一方の広報は、当時PR(パブリック・リレーションズ)とかPA(パブリック・アクセプタンス)と言ったりしていたが、現代はPAは使われなくなっているかもしれぬ。ともあれ広報は現代でもその意味は変わらず、むしろ重要性が益々高まっているように思われる。当時も今も広報で一番重要視すべきは「事実を伝え、嘘は絶対に許されない」ことだ。広告宣伝は消費意欲を刺激するために、商品をあらぬ場所に置いてみたり、芸能人に飲んだこともない薬を飲んだ振りをさせ、さも効いたようなことを言わせるのは日常茶飯事で、受け手もこれを許容してる。

従って、当時でも広告屋が広報を生業とするのは問題だった。従って、当時は電通でも広報に関しては電通PRなる別会社を作って事に当たらせようとしていた。しかし中小の広告屋が欲に目が眩んで広報と言いう禁断の実に口をつけてしまった。

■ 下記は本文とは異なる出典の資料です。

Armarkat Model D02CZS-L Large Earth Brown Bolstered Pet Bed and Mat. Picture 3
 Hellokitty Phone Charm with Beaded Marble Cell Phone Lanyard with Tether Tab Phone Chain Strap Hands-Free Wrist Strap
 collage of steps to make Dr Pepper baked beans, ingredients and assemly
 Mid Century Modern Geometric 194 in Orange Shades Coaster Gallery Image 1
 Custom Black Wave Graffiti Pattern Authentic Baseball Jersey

小生は大学を卒業する時にPR会社大手を受験して落とされた苦い経験があったので、内心してやったりとの思いで、その業務にのめり込んでいったものだ。

テレビ局なんかも最初はそれらしい手法に警戒感を示していたが、「赤信号、みんなで渡れば怖くない」の例え通りとなり、大手広告会社も広報分野に積極参加し始めた。以来20年以上の歳月流れ、日本の広報業務を広告屋が引き受けるのが当たり前のようだ。広告屋は罪悪感無しに、息を吐くように嘘を言ってのける。もし今の政府が広報業務で広告屋を使っているとしたら問題だ。霞が関の中央官庁には必ず広報室があった。

しかしこれは所管官庁の記者クラブ対応が業務の主体だから、広告屋が目をつける予算は無い。今の内閣府昔の総理府広報室は僅かの宣伝予算があり、新聞、雑誌、放送の各メディアに公平に宣伝広告を分配していたので、メディア側も軽い気持ちで受け止めていたに違いない。担当は内閣副官房長官だったが、現在は知らない。しかし最近の報道によると、閣内に電通などの大手広告会社が出入りをして政治家諸氏に悪知恵を注射している雰囲気が濃厚だ。どう考えても政府広報のお手伝いとは言い難いだろう。国民からすれば最悪である。